» Task
The copy you produce must hold every record exactly, and none of the images.

Entries taken from a collection:
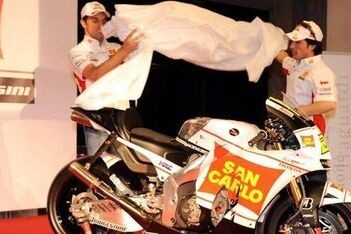 Gresini houdt teampresentatie in Milaan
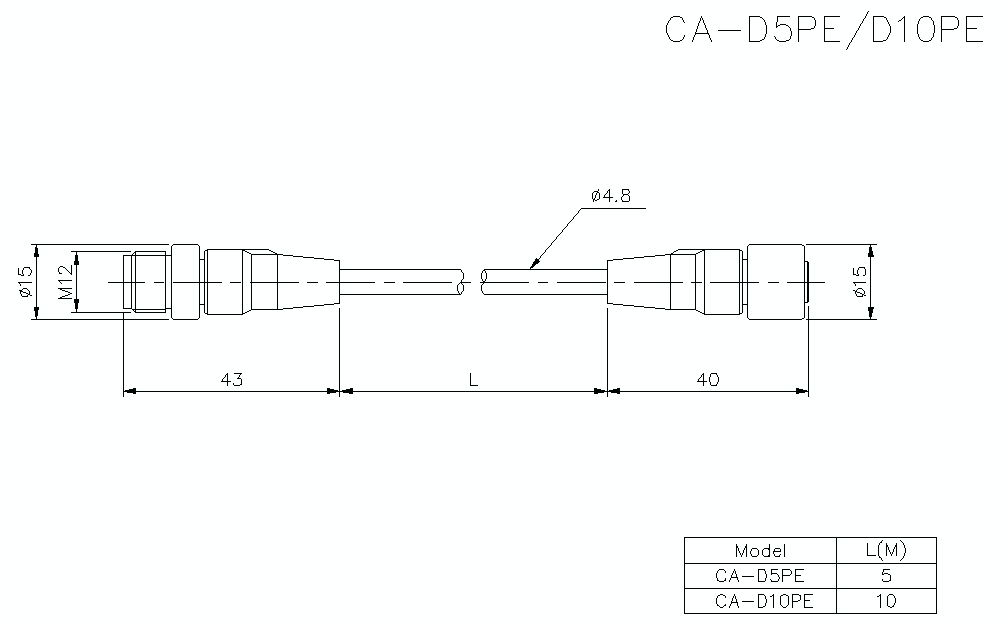 CA-D5/10PE Dimension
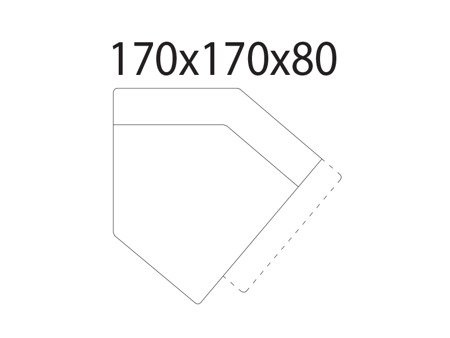 Moduł Blues Day MULTI L/R BAKER tkanina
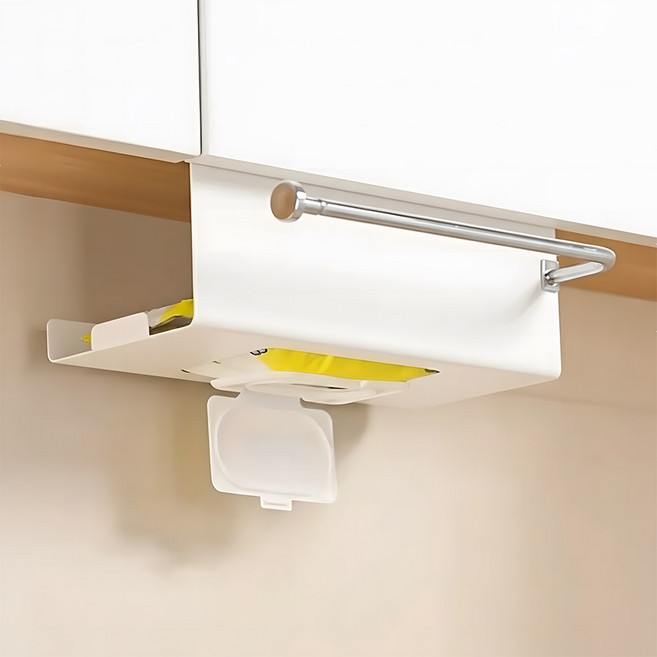 트렌드컨테이너 키친온 철제 무타공 주방걸이 키친타올걸이, 키친걸이(06831A), 1개, 키친걸이(06831A)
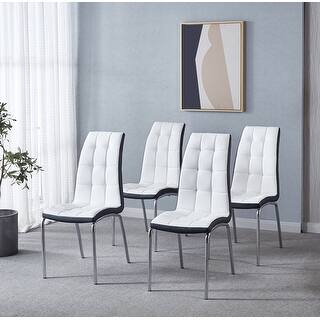 Modern Faux Leather Dining Chair Set of 4 - Bed Bath & Beyond - 37472942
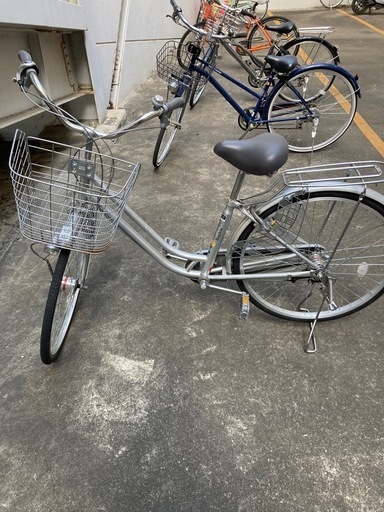 自転車と空気入れ　取引中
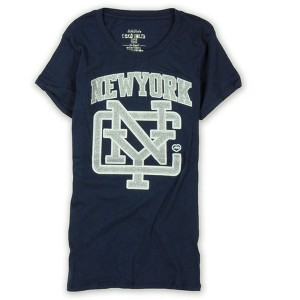Ecko Unltd. Womens Sports Ny Crew Nk Bling Graphic T-Shirt - 1 of 1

» Exercise result
 Gresini houdt teampresentatie in Milaan
 CA-D5/10PE Dimension
 Moduł Blues Day MULTI L/R BAKER tkanina
 트렌드컨테이너 키친온 철제 무타공 주방걸이 키친타올걸이, 키친걸이(06831A), 1개, 키친걸이(06831A)
 Modern Faux Leather Dining Chair Set of 4 - Bed Bath & Beyond - 37472942
 自転車と空気入れ　取引中
Ecko Unltd. Womens Sports Ny Crew Nk Bling Graphic T-Shirt - 1 of 1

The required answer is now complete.